→ REQUIRED ACTION
Your copy should begin with the line containing "Used Volvo S90", end with the line containing "Used 2026 Toyota", match the listing below exactly, and contain no pictures.

→ DATA EXTRACTS
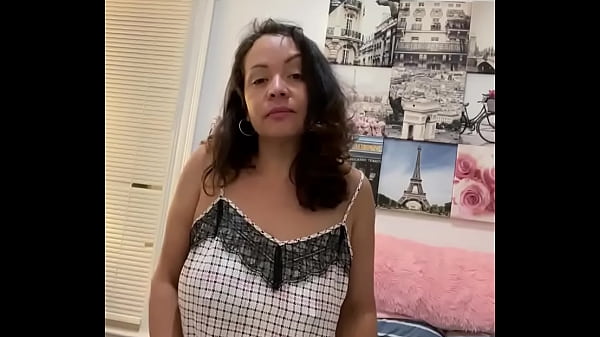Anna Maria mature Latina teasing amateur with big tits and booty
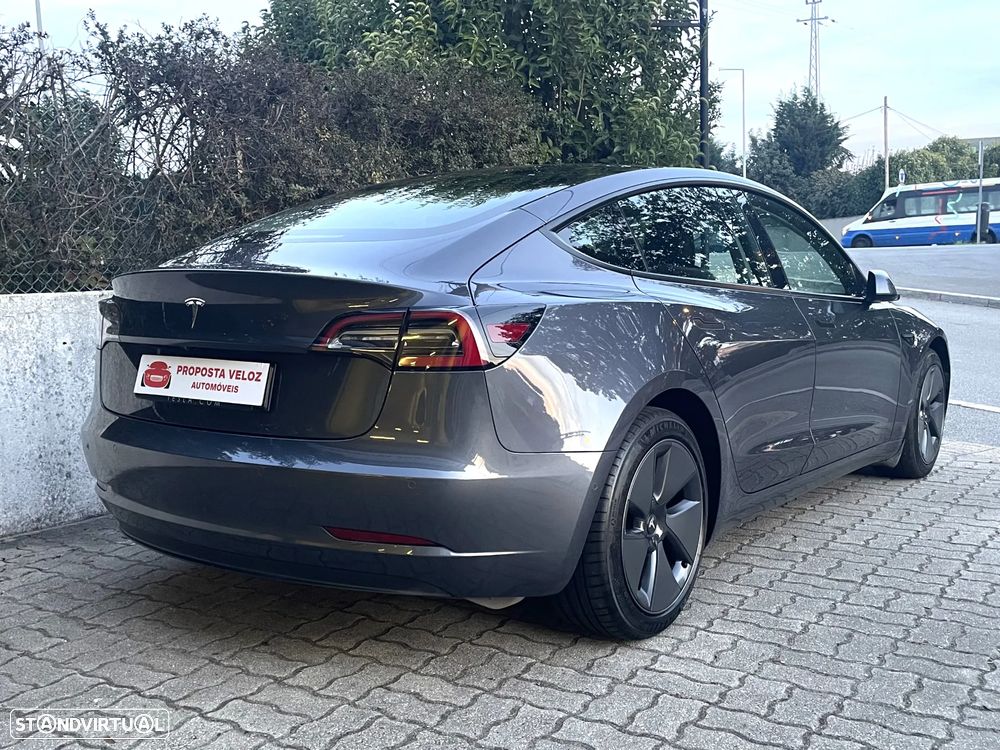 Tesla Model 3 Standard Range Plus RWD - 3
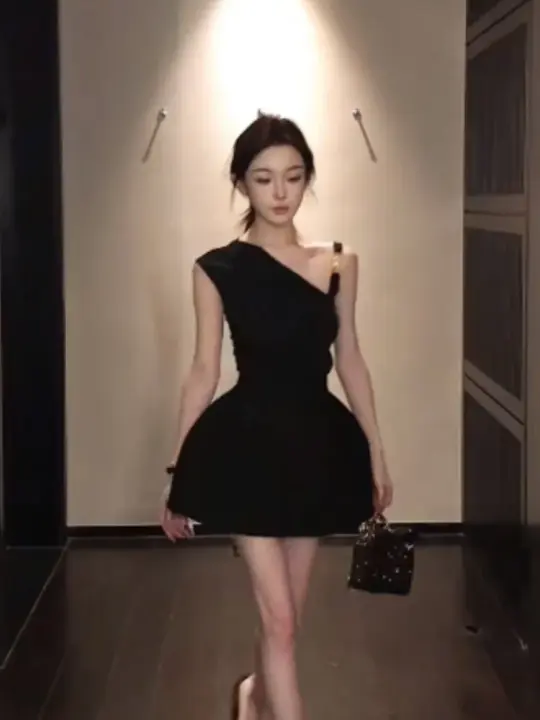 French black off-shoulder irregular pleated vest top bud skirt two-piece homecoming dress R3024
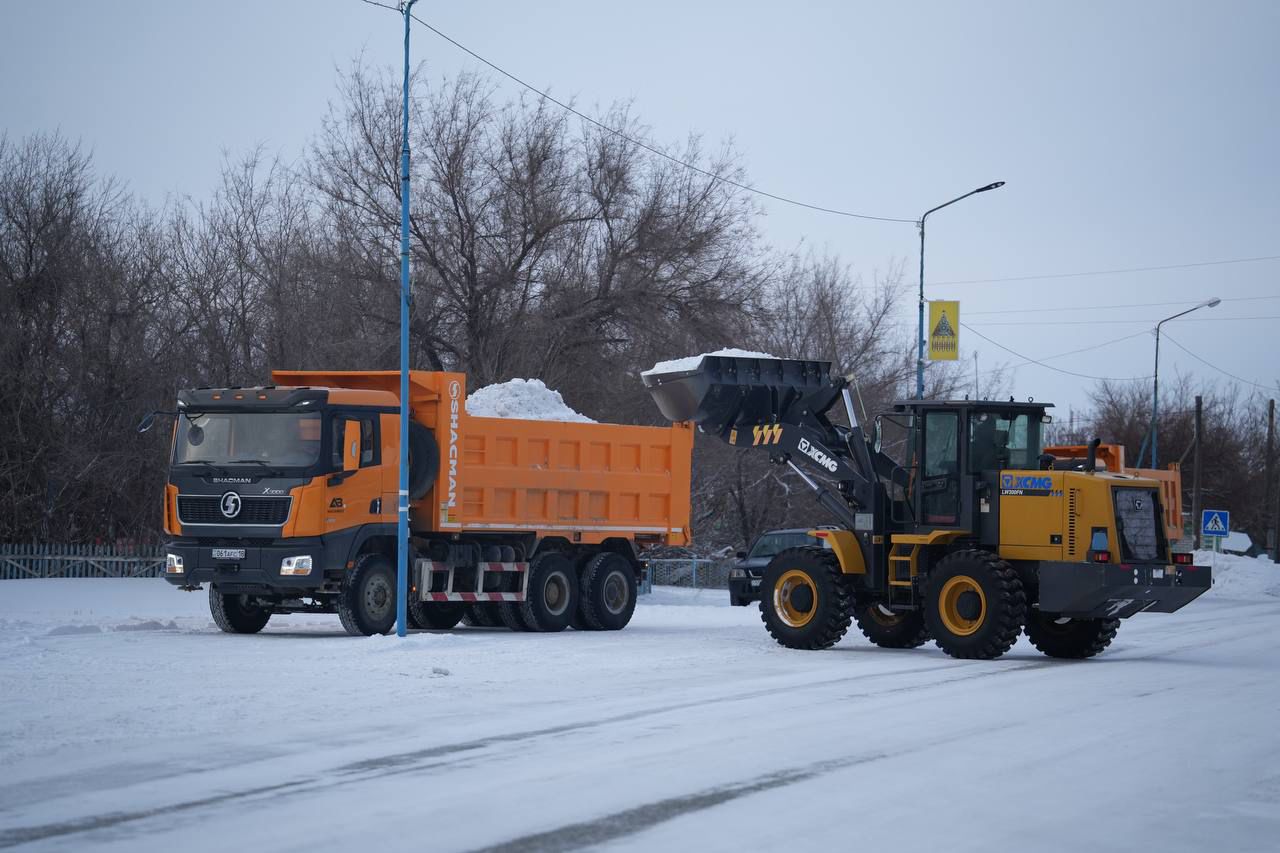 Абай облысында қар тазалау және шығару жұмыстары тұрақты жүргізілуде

--

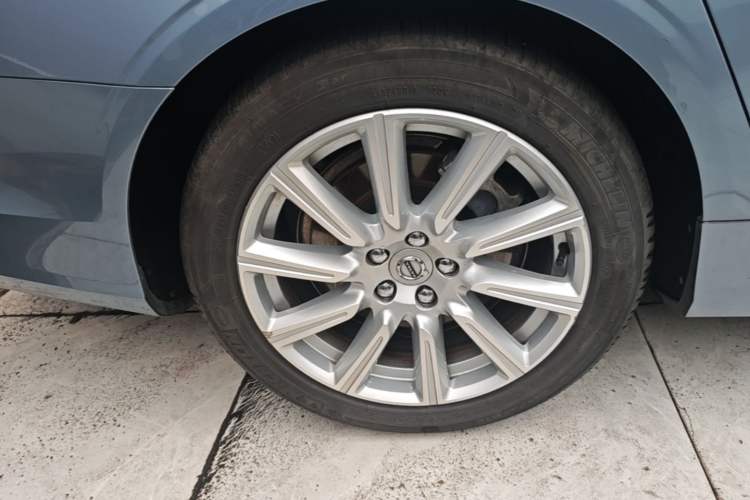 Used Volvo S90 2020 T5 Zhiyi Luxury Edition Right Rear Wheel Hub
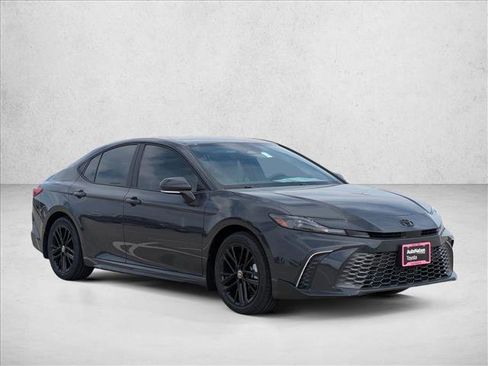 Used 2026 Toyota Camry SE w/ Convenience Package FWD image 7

→ YOUR RESPONSE
 Used Volvo S90 2020 T5 Zhiyi Luxury Edition Right Rear Wheel Hub
 Used 2026 Toyota Camry SE w/ Convenience Package FWD image 7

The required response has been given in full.